* _What needs to be done_
Reproduce the listing below exactly, minus its pictures.

* _Dataset content_
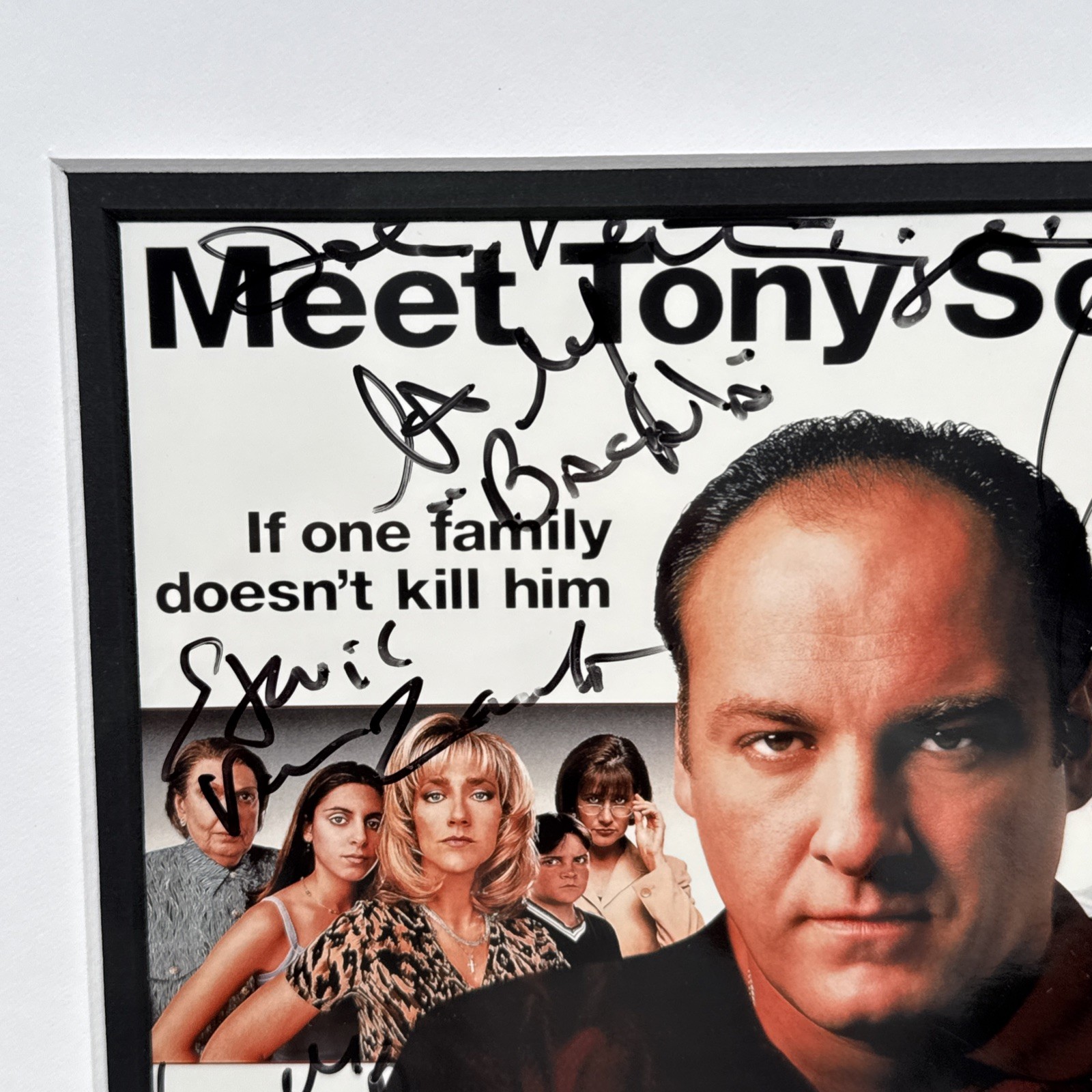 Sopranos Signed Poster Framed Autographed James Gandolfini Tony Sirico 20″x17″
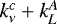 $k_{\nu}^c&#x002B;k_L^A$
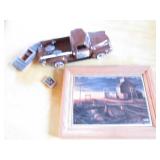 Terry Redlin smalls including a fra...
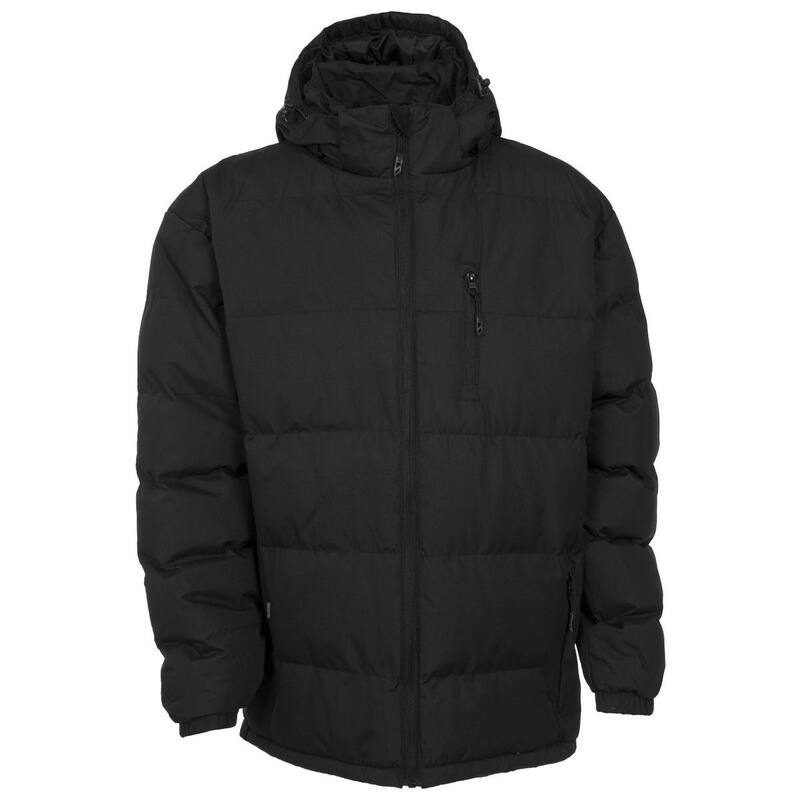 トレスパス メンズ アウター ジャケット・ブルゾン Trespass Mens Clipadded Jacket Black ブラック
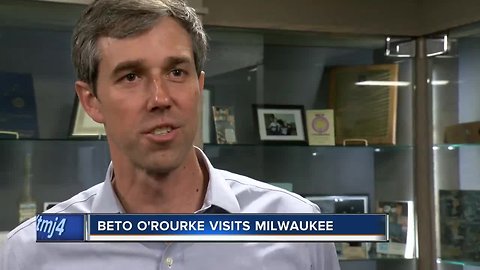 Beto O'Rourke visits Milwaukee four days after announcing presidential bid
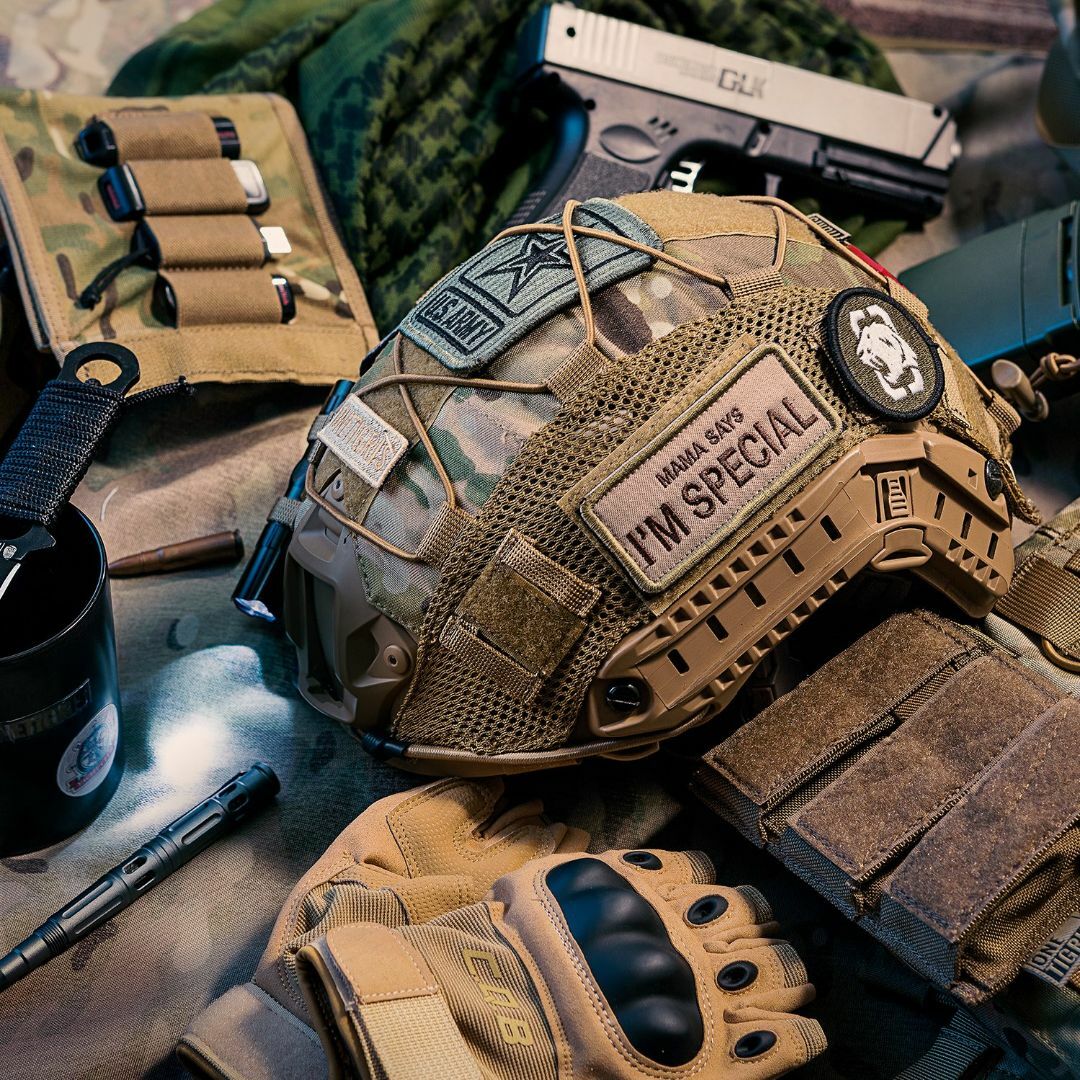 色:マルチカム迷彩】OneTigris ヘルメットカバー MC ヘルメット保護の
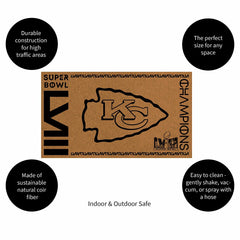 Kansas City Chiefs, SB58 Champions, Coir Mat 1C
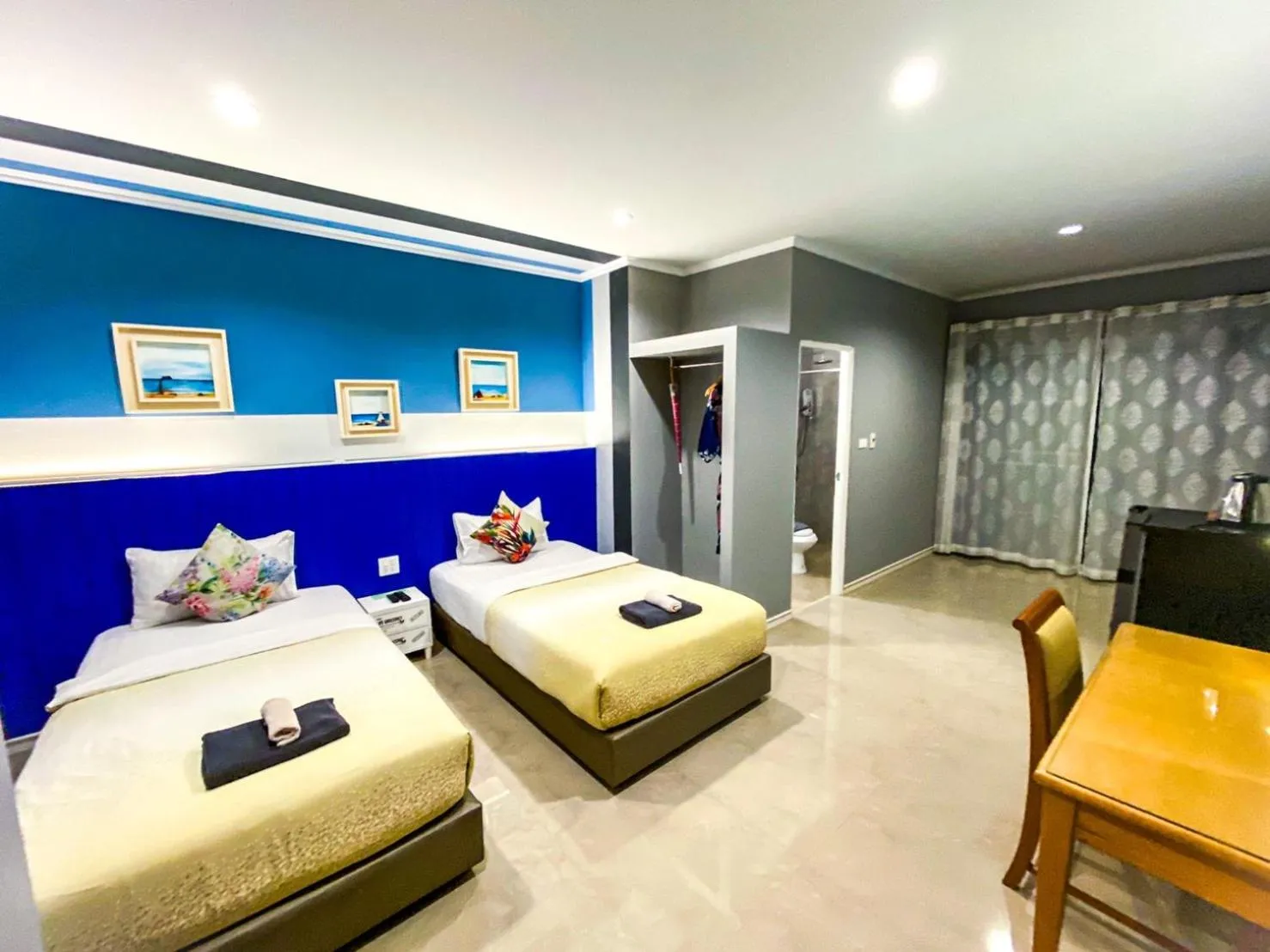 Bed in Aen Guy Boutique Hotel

* _Your response_
 Sopranos Signed Poster Framed Autographed James Gandolfini Tony Sirico 20″x17″
 $k_{\nu}^c&#x002B;k_L^A$
 Terry Redlin smalls including a fra...
 トレスパス メンズ アウター ジャケット・ブルゾン Trespass Mens Clipadded Jacket Black ブラック
 Beto O'Rourke visits Milwaukee four days after announcing presidential bid
 色:マルチカム迷彩】OneTigris ヘルメットカバー MC ヘルメット保護の
 Kansas City Chiefs, SB58 Champions, Coir Mat 1C
 Bed in Aen Guy Boutique Hotel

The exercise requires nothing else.